December 1, 1997 | By Hans Voss
Great Lakes Bulletin News Service

Nearly 1,100 people attended four MERC-sponsored public meetings last summer to learn about proposed state laws that would improve the oversight of Michigan's oil and gas industry.

The meetings, held in Oakland, Antrim, Montmorency, and Manistee counties, attracted standing room only crowds. They explored the need for energy reform bills now under consideration in the Legislature. Participating in the discussion were lawmakers carrying the bills, local government officials, citizens' advocates, and representatives of the oil and gas industry.

Representative Bill Bobier (R-Hesperia), a co-sponsor of the legislative package, attended the meetings in Montmorency and Manistee counties. He said that oil and gas development is receiving more attention at the Capitol than at any time since the 1970s, when a struggle broke out over drilling for oil in the Pigeon River Country State Forest.

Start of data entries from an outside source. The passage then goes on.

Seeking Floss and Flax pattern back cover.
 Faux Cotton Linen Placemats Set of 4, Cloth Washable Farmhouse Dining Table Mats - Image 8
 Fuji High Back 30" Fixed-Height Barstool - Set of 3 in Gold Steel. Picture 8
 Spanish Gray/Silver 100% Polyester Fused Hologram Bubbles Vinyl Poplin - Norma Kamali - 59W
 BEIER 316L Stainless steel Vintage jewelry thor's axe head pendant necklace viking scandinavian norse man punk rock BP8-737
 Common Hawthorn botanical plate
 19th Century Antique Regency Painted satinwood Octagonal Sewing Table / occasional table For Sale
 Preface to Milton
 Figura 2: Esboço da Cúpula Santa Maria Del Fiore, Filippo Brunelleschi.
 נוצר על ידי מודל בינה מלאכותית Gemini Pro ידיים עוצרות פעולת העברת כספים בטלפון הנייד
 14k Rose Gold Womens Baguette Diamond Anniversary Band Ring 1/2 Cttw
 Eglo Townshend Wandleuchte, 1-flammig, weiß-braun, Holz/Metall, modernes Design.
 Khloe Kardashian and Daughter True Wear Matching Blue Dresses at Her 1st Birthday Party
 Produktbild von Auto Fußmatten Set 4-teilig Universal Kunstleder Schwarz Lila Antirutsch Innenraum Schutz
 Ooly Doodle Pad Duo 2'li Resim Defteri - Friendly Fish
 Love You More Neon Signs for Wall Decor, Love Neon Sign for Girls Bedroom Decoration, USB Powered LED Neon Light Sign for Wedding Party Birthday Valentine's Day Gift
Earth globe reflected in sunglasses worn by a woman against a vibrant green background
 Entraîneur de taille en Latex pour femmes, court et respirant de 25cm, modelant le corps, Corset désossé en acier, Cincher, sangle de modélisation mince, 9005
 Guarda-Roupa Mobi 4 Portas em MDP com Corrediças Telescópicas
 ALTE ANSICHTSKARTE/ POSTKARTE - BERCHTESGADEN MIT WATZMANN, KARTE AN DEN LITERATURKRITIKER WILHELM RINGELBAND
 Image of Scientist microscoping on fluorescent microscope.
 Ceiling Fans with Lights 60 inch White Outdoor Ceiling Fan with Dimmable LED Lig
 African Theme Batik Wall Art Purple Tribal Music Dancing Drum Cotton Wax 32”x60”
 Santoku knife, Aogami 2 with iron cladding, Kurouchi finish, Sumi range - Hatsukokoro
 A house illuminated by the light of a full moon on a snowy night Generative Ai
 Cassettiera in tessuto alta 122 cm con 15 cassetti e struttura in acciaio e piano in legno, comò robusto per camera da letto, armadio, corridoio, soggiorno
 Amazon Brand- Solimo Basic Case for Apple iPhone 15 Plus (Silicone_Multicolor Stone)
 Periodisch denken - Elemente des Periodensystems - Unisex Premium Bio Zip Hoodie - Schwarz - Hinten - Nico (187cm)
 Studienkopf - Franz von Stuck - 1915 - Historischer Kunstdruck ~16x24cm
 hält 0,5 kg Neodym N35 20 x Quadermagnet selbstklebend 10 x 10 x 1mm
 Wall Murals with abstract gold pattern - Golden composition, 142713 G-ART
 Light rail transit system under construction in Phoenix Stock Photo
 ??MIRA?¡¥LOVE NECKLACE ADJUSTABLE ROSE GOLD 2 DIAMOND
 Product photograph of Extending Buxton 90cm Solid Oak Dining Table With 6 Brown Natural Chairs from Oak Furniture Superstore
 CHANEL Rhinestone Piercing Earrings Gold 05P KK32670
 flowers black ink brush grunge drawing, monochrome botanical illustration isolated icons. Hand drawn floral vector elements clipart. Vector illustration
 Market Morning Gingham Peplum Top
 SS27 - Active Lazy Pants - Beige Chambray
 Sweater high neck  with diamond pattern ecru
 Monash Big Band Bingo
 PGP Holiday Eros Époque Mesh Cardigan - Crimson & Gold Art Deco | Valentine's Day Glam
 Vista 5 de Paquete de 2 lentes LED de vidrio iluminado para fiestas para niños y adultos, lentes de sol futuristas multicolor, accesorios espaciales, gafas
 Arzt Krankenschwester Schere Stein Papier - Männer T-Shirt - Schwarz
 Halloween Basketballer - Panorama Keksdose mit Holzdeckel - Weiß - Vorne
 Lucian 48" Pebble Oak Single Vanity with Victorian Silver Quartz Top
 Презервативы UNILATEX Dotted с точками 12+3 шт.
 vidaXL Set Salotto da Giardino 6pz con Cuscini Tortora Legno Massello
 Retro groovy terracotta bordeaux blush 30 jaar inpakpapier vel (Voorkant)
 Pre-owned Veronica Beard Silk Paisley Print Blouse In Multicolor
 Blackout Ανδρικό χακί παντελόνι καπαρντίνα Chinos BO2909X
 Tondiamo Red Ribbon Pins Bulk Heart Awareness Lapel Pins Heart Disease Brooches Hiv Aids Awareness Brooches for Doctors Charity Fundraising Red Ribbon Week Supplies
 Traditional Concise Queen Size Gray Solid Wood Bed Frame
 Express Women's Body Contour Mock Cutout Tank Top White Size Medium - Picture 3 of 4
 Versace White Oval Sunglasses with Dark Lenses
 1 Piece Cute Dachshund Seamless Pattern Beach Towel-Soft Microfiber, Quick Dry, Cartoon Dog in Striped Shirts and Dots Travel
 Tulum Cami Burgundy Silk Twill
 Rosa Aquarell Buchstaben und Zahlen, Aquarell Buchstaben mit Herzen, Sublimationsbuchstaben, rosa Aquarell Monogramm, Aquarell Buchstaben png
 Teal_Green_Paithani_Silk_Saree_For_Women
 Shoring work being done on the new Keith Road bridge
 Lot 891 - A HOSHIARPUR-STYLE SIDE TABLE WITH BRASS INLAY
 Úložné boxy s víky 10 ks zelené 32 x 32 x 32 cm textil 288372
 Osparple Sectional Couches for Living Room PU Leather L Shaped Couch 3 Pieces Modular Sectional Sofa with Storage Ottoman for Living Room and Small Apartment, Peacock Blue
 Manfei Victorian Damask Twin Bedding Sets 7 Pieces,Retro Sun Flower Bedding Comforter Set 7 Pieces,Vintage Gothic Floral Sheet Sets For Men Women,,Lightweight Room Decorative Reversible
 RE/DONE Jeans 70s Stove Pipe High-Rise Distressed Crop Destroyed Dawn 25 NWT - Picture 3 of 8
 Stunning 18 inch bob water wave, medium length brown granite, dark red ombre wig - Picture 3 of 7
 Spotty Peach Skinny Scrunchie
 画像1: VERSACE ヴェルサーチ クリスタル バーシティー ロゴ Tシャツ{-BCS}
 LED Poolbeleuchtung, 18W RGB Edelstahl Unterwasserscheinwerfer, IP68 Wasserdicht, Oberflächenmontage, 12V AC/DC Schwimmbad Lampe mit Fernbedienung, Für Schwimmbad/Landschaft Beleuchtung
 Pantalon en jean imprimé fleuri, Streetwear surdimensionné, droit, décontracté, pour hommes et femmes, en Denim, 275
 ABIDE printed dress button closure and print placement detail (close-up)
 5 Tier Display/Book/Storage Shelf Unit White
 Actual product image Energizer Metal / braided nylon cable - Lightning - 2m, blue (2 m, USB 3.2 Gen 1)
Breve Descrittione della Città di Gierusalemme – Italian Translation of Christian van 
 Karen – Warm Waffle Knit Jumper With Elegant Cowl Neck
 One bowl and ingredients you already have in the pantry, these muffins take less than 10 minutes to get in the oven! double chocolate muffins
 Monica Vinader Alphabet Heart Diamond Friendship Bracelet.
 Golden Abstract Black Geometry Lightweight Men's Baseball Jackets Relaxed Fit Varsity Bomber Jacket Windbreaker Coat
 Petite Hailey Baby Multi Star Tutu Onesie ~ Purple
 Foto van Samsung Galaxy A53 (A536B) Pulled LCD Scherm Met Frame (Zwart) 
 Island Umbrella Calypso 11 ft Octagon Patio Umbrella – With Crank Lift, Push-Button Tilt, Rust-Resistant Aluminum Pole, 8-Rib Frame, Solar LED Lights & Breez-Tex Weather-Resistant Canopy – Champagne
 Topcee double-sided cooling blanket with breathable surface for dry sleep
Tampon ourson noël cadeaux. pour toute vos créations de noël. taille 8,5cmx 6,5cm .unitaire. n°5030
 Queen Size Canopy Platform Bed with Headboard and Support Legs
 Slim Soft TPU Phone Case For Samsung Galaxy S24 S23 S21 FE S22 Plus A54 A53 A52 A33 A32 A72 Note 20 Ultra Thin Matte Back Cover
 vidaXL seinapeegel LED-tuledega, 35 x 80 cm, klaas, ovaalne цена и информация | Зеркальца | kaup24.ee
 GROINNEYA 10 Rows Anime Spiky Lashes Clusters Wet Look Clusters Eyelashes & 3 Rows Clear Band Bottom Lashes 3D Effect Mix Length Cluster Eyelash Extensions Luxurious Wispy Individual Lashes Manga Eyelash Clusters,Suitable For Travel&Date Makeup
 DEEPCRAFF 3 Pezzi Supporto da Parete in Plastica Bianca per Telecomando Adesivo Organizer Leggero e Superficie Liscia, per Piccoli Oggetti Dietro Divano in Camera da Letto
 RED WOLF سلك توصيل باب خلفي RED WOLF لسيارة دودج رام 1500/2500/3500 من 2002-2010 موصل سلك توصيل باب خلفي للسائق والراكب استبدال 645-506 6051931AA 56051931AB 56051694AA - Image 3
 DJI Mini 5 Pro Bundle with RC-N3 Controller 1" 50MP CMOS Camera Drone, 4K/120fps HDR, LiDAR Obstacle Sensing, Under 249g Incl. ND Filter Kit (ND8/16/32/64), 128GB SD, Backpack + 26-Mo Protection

The package of bills would:

* Give property owners who don't own their mineral rights more power to decide how their land is used.

* Provide local governments with the authority to oversee some aspects of oil and gas development.

* Give the state the authority to prevent energy development in sensitive ecosystems.

The public meetings on the energy reform legislation were supported by grants from The Frey Foundation and The Borwell Charitable Foundation.

The Michigan Energy Reform Coalition works for oil and gas development practices that are more sensitive to citizens, communities, and the environment.

MERC now is composed of six townships and 15 organizations representing more than 200,000 state residents.

Specifically, the project's goals are to:

* Increase economic returns to local governments in the drilling areas by establishing a non-renewable energy fee on producers, modeled after similar programs in other states.

* Protect Michigan's rivers, streams, and lakes by requiring the oil and gas industry to prepare hydrocarbon development plans before new wells are drilled.

* Reduce noise and other nuisances.

* Help mineral owners write leases that provide them with the best income and protection for the land. * Provide severed rights property owners with greater authority to decide how their land is used.

MERC is achieving these goals by:

* Conducting research on all aspects of oil and gas development in Michigan.

* Seeking partnership and cooperation with the oil and gas industry.

* Forming alliances with local government leaders.

* Bringing statewide community and environmental organizations into the project. * Preparing testimony and appearing at legislative hearings where energy development policy is decided. * Encouraging newspaper, magazine, radio, and television coverage of the issues.

* Conducting a public education program, including publishing the Great Lakes Bulletin and holding workshops.

Nearly two years after MERC was organized, managing oil and gas development is now among the most visible environmental and economic issues in Michigan. MERC is seen as a reliable source of information, as well as a credible advocate for responsible changes in public policy.